There is some discussion and differing opinions from courts regarding whether police officers employed by school districts own police departments, or from outside agencies and assigned as a school’s resource officer, are school officials. If they are, can they observe the same “reasonable suspicion” standard afforded to other school officials when making decisions regarding searches? A recent Washington state court decision regarding this matter, State
v. Meneese, indicates that courts will carefully scrutinize whether an officer’s search is to maintain order and discipline in the school or to find evidence of criminal activity. If it is to find evidence of a crime the “probable cause” standard applies.
In TLO v. New Jersey (TLO are the initials of the juvenile involved in this case), a 1980 case, TLO and another juvenile classmate were caught smoking in a restroom in their high school. The teacher, who caught the girls, took them to the school office. They met with a vice principal there who questioned them about smoking.

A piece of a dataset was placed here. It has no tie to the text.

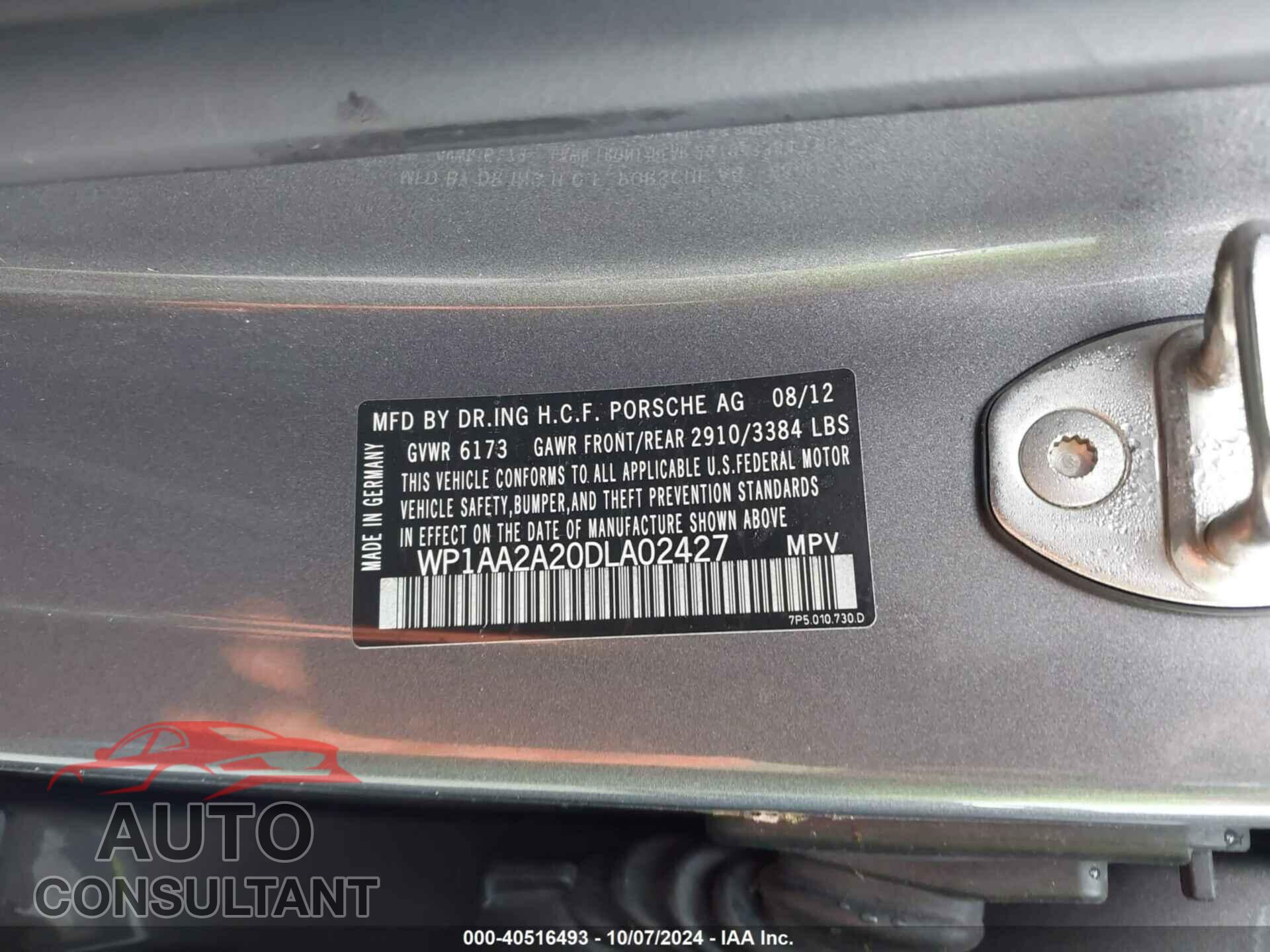 PORSCHE CAYENNE 2013 - WP1AA2A20DLA02427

TLO’s classmate admitted smoking, but TLO claimed that she had not been and that she had never smoked in her life.
Because of her denial, and suspecting that she was lying, the vice principal searched TLO’s purse. Cigarettes were found in TLO’s purse, as was evidence of drug use and distribution. TLO’s mother was called and she drove TLO to the police station.
TLO was charged as a juvenile for the drug possession, but she fought the search claiming that it violated her 4th Amendment rights. The New Jersey Supreme Court agreed with TLO.
However, the US Supreme Court reviewed the case on certiorari, which means a higher court (in this case the US Supreme Court) sends an order to a lower court (in this case the New Jersey Supreme Court) to send the case to them for review.
After careful review of the case the US Supreme Court overturned the New Jersey Supreme Court’s ruling and said the search was reasonable and not a violation of TLO’s 4th Amendment rights. They determined that the “reasonable suspicion” search standard, established by the New Jersey school district, balanced a student’s rights and expectation of privacy with the school’s need to maintain order and discipline. The Supreme Court also said that the states “have a duty to provide a safe school environment.